Contornos futuros da atual ordem internacional dependerão da dinâmica do relacionamento entre EUA e China
por Creomar de Souza em 17/12/20 07:46
Em breve iniciaremos a terceira década do século XXI com muitos imponderáveis no horizonte, mas com pelo menos uma certeza. A ordem internacional erigida no pós-Segunda-Guerra Mundial passa por momento de transição e seus contornos futuros dependerão fundamentalmente da dinâmica do relacionamento entre EUA e China.
A ordem internacional liberal – baseada nas Nações Unidas, no sistema de Bretton Woods e na busca de um regime de comércio multilateral (o GATT inicialmente e depois a OMC), apesar de suas imperfeições, garantiu crescimento econômico extraordinário em alguns quadrantes (o sucesso da China e dos ex-tigres asiáticos estão aí para não me deixar mentir), uma paz relativa (apesar de conflitos diversos, uma nova guerra mundial foi evitada) e algum alívio ao sofrimento dos mais vulneráveis (doença, fome e guerras causaram crises humanitárias, mas a situação teria sido pior sem a ONU, o ACNUR, a OMS, o Programa Mundial de Alimentos, o UNICEF, entre outras instituições multilaterais).

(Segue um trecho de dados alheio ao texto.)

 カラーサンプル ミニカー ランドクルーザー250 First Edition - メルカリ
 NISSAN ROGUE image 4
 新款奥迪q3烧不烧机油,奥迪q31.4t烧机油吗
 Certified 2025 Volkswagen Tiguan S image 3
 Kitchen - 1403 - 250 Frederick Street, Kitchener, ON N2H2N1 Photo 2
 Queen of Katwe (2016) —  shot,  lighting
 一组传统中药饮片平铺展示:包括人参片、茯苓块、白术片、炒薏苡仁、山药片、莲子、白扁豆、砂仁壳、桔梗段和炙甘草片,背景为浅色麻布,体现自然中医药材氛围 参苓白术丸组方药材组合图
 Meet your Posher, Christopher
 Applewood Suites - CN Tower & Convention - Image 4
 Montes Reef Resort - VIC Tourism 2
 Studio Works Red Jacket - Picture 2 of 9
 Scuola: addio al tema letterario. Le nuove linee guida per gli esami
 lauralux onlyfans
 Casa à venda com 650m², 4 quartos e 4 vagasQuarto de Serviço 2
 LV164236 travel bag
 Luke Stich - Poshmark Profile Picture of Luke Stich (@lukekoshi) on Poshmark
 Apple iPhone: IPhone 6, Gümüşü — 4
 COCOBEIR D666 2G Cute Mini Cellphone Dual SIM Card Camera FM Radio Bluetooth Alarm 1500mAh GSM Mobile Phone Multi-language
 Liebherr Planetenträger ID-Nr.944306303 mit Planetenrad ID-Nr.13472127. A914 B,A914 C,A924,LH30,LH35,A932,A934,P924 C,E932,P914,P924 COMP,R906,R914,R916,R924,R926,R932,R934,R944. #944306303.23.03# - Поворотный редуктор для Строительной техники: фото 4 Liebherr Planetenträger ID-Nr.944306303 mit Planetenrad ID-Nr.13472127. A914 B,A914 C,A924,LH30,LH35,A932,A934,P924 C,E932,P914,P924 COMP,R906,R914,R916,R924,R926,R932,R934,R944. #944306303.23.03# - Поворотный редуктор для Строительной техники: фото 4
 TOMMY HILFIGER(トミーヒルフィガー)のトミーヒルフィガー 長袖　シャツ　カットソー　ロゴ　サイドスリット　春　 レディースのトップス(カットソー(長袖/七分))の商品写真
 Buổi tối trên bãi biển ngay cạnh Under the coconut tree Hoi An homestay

A Guerra Fria acabou gerando paralisia do sistema de segurança coletiva da ONU, já que tanto a URSS quanto os EUA possuíam poder de veto no Conselho de Segurança. Com o fim da URSS, houve um momento passageiro de euforia, quando alguns acreditaram que havíamos chegado ao “fim da história” com a superação da disputa entre modelos ideológicos concorrentes. Foi o momento de supremacia incontestável da democracia liberal, com os EUA à frente do pelotão na condição de superpotência sem par.
Não demorou para que conflitos provocados pelo nacionalismo exacerbado e o fundamentalismo religioso passassem a contradizer, na prática, a bela e também ingênua teoria do fim da história. Não obstante, vários países conseguiram utilizar as regras erigidas no pós-guerra a seu favor, navegando os mares da globalização com maestria, enquanto outros se viram alijados da prosperidade ou tiveram de amargar reorganização de cadeias de valor que deixou rastro de desemprego estrutural, setores industriais ultrapassados e segmentos populacionais desamparados.
Nesse cenário, a China teve um crescimento estrondoso, enquanto os EUA, sem perder seu dinamismo na inovação e na alta tecnologia, viram o emprego da manufatura tradicional minguar, gerando ressentimento em amplos setores do eleitorado. Trump surfou nesse sentimento, prometendo trazer empregos de volta e reeditando uma mentalidade de nova guerra fria em relação ao gigante asiático. Nesse sentido, Trump foi um sintoma, mais do que a causa das tensões da globalização. Contrariamente à rivalidade com a URSS, porém, há hoje uma interdependência econômica entre EUA e China que não havia naquele período.
A julgar pelo consenso bipartidário nos EUA, a China continuará sendo vista como ameaça à liderança política, tecnológica e militar norte-americana. A questão que se coloca é se Biden, ao reconhecer o alto grau de imbricação entre as duas economias, vai buscar uma repactuação relativamente pacífica da relação ou acabará empurrado para o confronto com a China, a exemplo do que promoveu ativamente seu antecessor.
Desse padrão de relacionamento dependerá não apenas os contornos da ordem internacional que se avizinha, mas também as condições estruturais para a formulação da estratégia de inserção internacional do Brasil.